Farrah Fawcett Dies at 62 - Featured

There was always something major about Farrah Fawcett.

An enduring pop-culture icon for more than three decades, the Charlie's Angels superstar and '70s fashion goddess endured the sort of stinging reviews and embarrassing tabloid headlines that would sink many a career. But the Texas beauty, who died Thursday, June 25 at 62 after a very public three-year battle against cancer, never stopped fighting for respect.


She shot to the top in 1976 as Farrah Fawcett-Majors, the model-starlet wife of Six Million Dollar Man Lee Majors. She quickly eclipsed his fame and fortune--thanks in part to a swimsuit poster pin-up phenomenon that triggered male pheremones across the country.


Her luxurious mane of feathered hair was the "Rachel" of its day, and her robust athleticism, capped by that blinding smile kept her from seeming like a Marilyn Monroe wannabe. "I didn't come to Los Angeles wanting to be anything. I was led. Events happened, fell into place," Fawcett told TV Guide Magazine in 1983. Landing an agent and a husband in short order, she appeared in commercials and bit parts (most notably in the 1970 movie "Myra Breckinridge").
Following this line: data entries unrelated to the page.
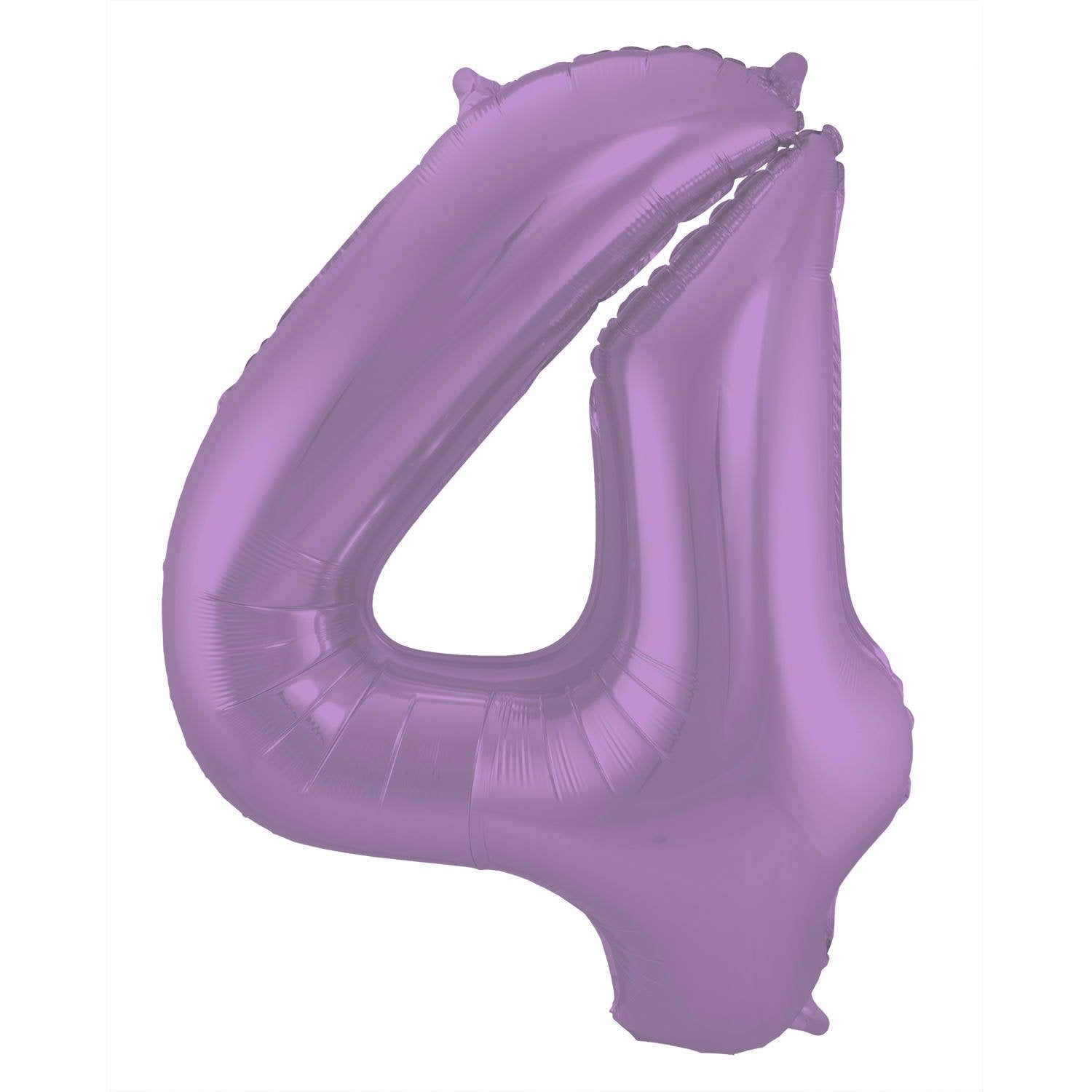 Ballon chiffre 4, 86 cm, lilas mat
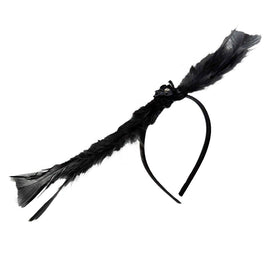 Coco-Feather Black Headband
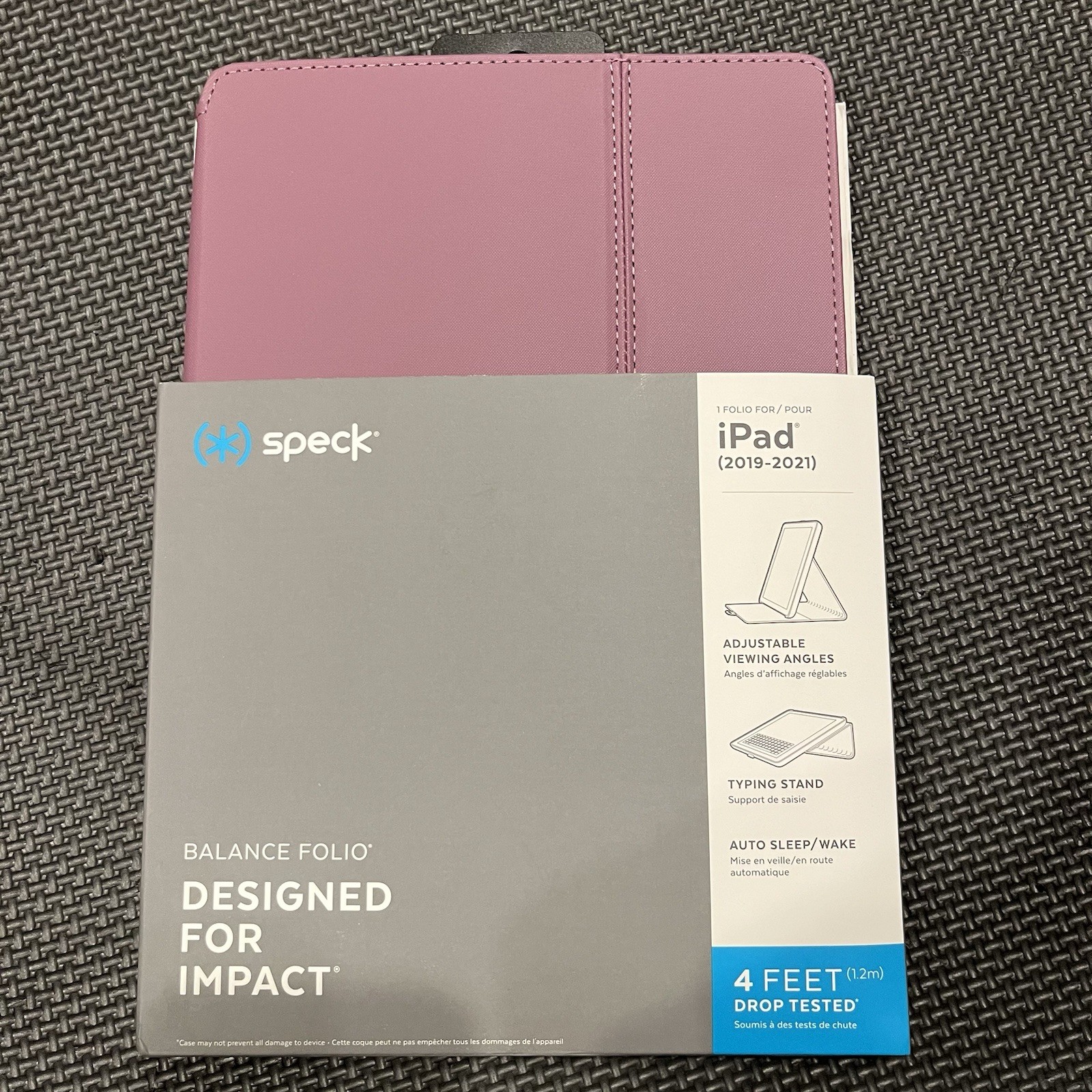 Speck Balance Folio AppleiPad 10.2 7th-9th Generation2019-2021 Plumberry Purple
Then she was cast on Angels as the world's jiggliest undercover detective Jill Monroe, a supporting player to more-established headliner Kate Jackson.


The show was an instant hit--Fawcett once joked, "When we got to be No. 1, I decided it could only be because none of us wears a bra"--but the most popular Angel rocked the TV world by leaving the show after only one chart-topping season. (Lawsuits forced her to appear as an occasional guest star over the next few years.) She also left Majors behind.


After striking out in a few flop movies, Fawcett found her professional and personal bearings in the '80s. She earned strong reviews as abused and vengeful women in the off-Broadway and film versions of "Extremities," and most famously in the 1984 TV-movie The Burning Bed, which brought her the first of three Emmy nominations.


She also became romantically linked with bad-boy actor Ryan O'Neal, and their stormy relationship continued on and off for the rest of her life. They had a son (Redmond, who was recently arrested on charges of felony drug possession) and briefly co-starred in the short-lived 1991 sitcom Good Sports and a celeb-reality show, Chasing Farrah, in 2005.


Besides Angels and Burning Bed, Fawcett is remembered for her 1997 appearance on David Letterman's late-night talk show, where she appeared dazed and confused--and possibly on something (though she denied it).


Even then, you couldn't take your eyes off her. That's the mark of a star, and Farrah Fawcett ranks now and forever as one of TV's most incandescent "it" girls.